More and more, we see open-source projects being backed by investment rounds. It's positive for the projects because they can innovate faster and sustain themselves by paying people to work on it full-time, making money one of the main drivers, and investors’ interests the wheel that steers the boat. *Is that something good or bad?* It depends.

When the motivations of the people contributing to a project are extrinsic, then the chances are that when money is gone, so are the motivations to contribute to the project. When the project is more community-driven, intrinsic motivations take preference, which helps the project sustain long-term. Note that community involvement and governance are not the same, even though they are often used interchangeably.

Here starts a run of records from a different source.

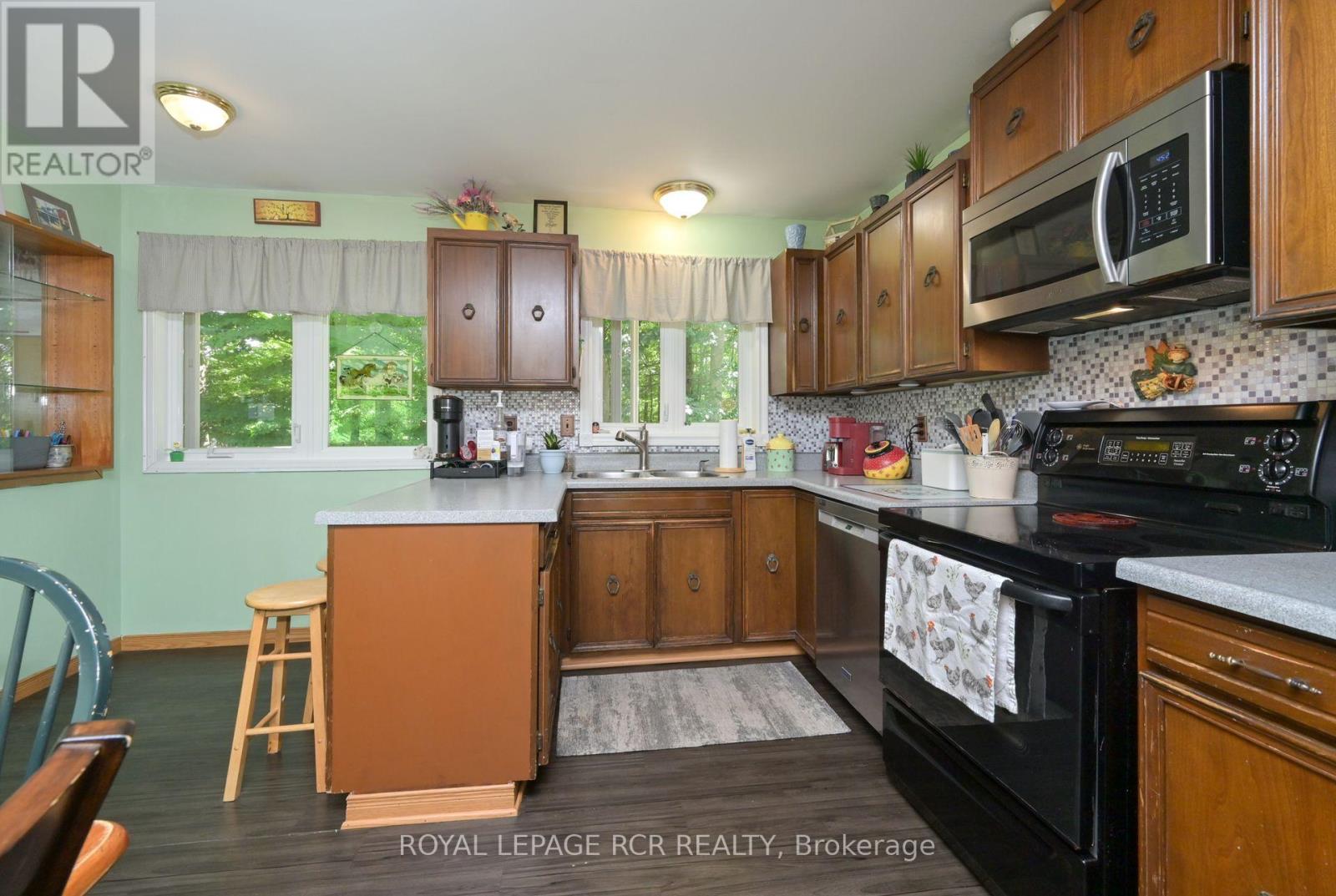 14007 Fifth Line, Halton Hills (Rural Halton Hills), Ontario  L0P 1H0 - Photo 6 - W12275712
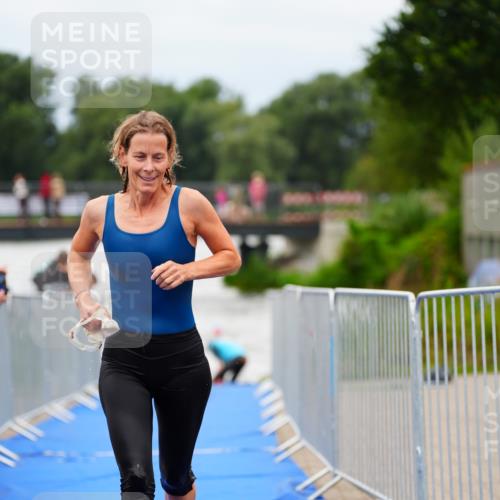 30.08.2026 - Elbe Triathlon Hamburg LAZAROV Photography http://msf.ph/oto/10039289 30.08.2026 14:06:18 Schwimmen 136, 138, 160 meine-sportfotos.de
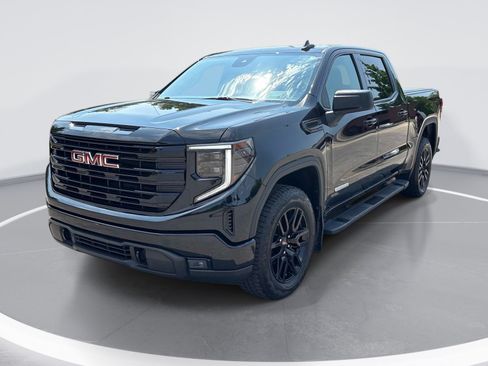 Used 2022 GMC Sierra 1500 Elevation AWD/4WD image 3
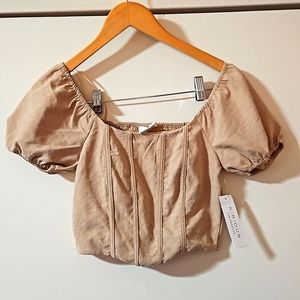 NWT, Crop top sz XS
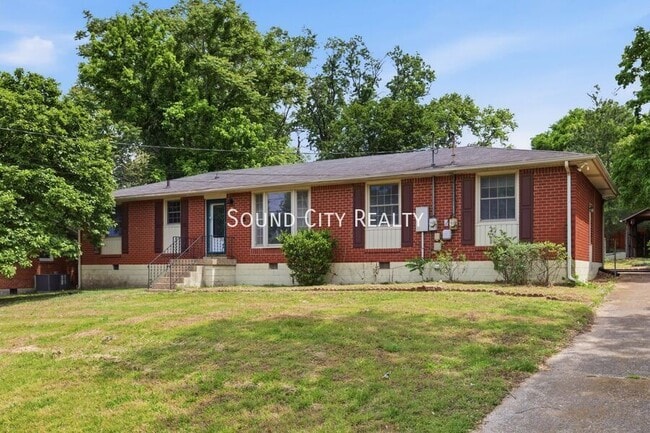 Foto del edificio - 7016 Bonnalake Dr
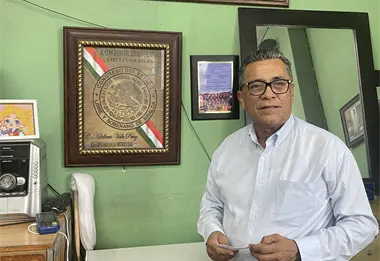 Adalberto Valle El Singer una historia de superación y compromiso con la comunidad en Mazatlán
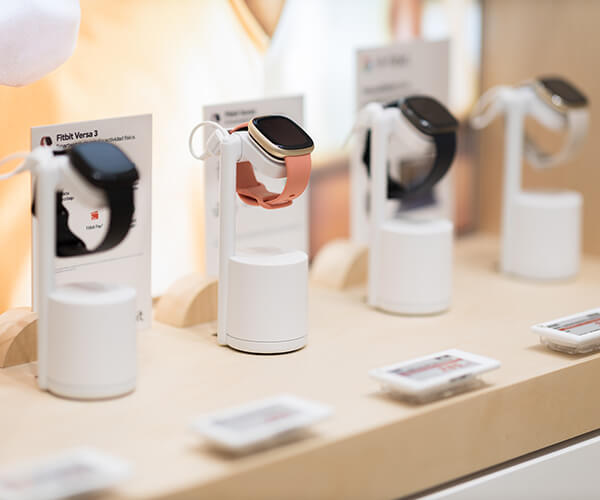 consumer-electronics-fitbit-smartwatch-display-bgr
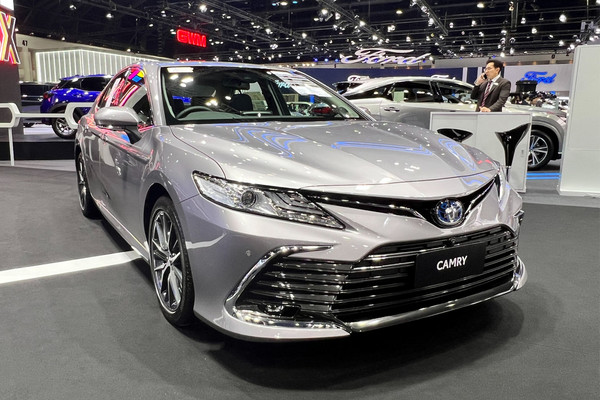 Toyota Camry งานแสดงรถยนต์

There’s a high correlation between projects that use money as an extrinsic motivator and the amount of marketing effort they’ve poured into them. They usually have marketing copies along the lines of *“we are making the web faster”* that reassemble the missions from Silicon Valley companies. I refrain from building anything upon those tools and frameworks no matter how good their marketing is. When I build software, I want it to sustain in time, and to achieve that, it’s important that the blocks I build it upon can sustain too.

Note that there’ll always be economic interests when developing open-source projects. Companies contribute to open-source projects because they benefit their business. However, money here is a secondary player. The community has a substantial role in steering the project than the companies that support the project through contributions. An excellent example of this is Rails. A company like Shopify has teams dedicated to contributing to Ruby and Rails. Shopify has interests, but it can't drive the framework in a direction that only benefits Shopify.

I think this is beautiful about the Ruby community, and recently in Javascript through projects like Vue, Vite, Rollup, and Svelte. You can sense a community behind it that connects all the different pieces in harmony and builds a strong community around it. This is the type of OSS that aligns with my principles and upon which I build the software that I craft.